The beginning of the Great Genocide is conventionally considered to be April 24, 1915. On that day, the cream of the intelligentsia was arrested in Constantinople: 600 Armenian intellectuals, including Grigor Zohrap, Daniel Varuzhan, Ruben Zardaryan, Siamanto (Atom Yarjanyan), Ruben Sevak, Yerukhan (Yervand Srmakeshkhanyan), Hovhannes Harutyunyan, and others, who were later killed on the way to exile. However, in Armenian historiography, the years 1892-1923 are generally accepted as the dates of the Armenian Genocide. as a genocide organized by the Turkish ruling regions, the Hamidian Turks, and then the Young Turks, which resulted in the mass deportation and extermination of the Armenian population of Western Armenia, Cilicia, and the provinces of the Ottoman Empire. The 12 stone monuments of the Tsitsernakaberd monument, according to folk etymology, symbolize the 12 lost provinces that are now part of modern Turkey.
The Young Turk government, striving to preserve the remnants of the weakened Ottoman Empire, adopted a policy of pan-Turkism, that is, the creation of a vast Turkish Empire, which, extending to China, would include all the Turkic-speaking peoples of the Caucasus and Central Asia. The plan envisaged the Turkification of all national minorities and the creation of the dreamy "Great Turanian" from the Bosphorus to Altai. In this context, the indigenous Armenian people of Western Armenia were seen as the main obstacle to the implementation of this plan. If there were no Armenians, there would be no Armenian Question. The Young Turks used the beginning of World War I as a convenient opportunity. The authors of the plan were Talaat (Minister of Internal Affairs), Enver (Minister of Military Affairs), Cemal (Commander of the Palestinian Front), Behaeddin Şakir Bey (member of the Young Turk Central Committee) and others.
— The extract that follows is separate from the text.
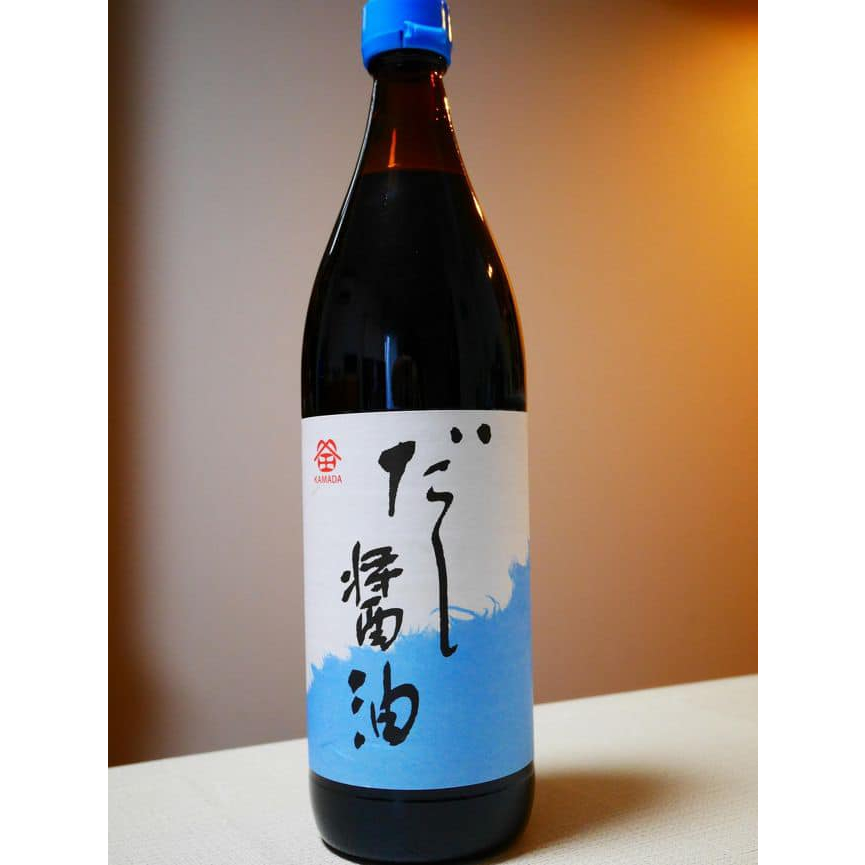 【貳陸】日本境內 日本 鐮田 鰹魚 醬油 玻璃瓶 柴魚 昆布 萬能醬油 手工醬油 900ml  好事多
The Armenian Genocide was planned to be carried out in three stages, the first stage of which was April 24, and the second stage was the conscription of about 60,000 Armenian men into the Turkish army. All Armenian men aged 15-45 who were conscripted into the army were later disarmed and killed by their Turkish comrades-in-arms. In the third stage, the Turkish massacrers began to massacre the defenseless Armenian population, mainly women, the elderly and children. Mass deportations, exiles and massacres were organized. Armenians were either forced to renounce Christianity, or killed, or forced to take the path of migration. The surviving Armenians of Western Armenia were forced to migrate to the deserts of Mesopotamia, mainly to Der Zor, where they were exterminated.
The Armenian Genocide has been condemned by the international community at various levels: it was adopted by organizations such as the Council of Europe in 1998, 2001, the European Union through resolutions of the European Parliament, the Armenian Genocide was condemned in 1987, 1998, 2000, 2001, 2002 and 2005. Several UN commissions, the World Union of Churches, etc. The Swedish Parliament, the US House of Representatives, the Senates of Chile and Argentina, the Lithuanian Assembly, the European Parliament, the National Assembly of Venezuela, the parliaments of Poland and the Netherlands, Italy (on April 10, 2019), the Canadian House of Commons, etc. have resolutions and decisions condemning the Armenian Genocide. In France, Uruguay, Cyprus, and Switzerland, denying it is also a criminal offense. On April 24, 2021, US President Joe Biden also officially recognized the Armenian Genocide, giving a speech and using the term “Armenian Genocide” for the first time.
All Armenians continue to struggle today for the recognition, condemnation, and fair compensation of the Armenian Genocide.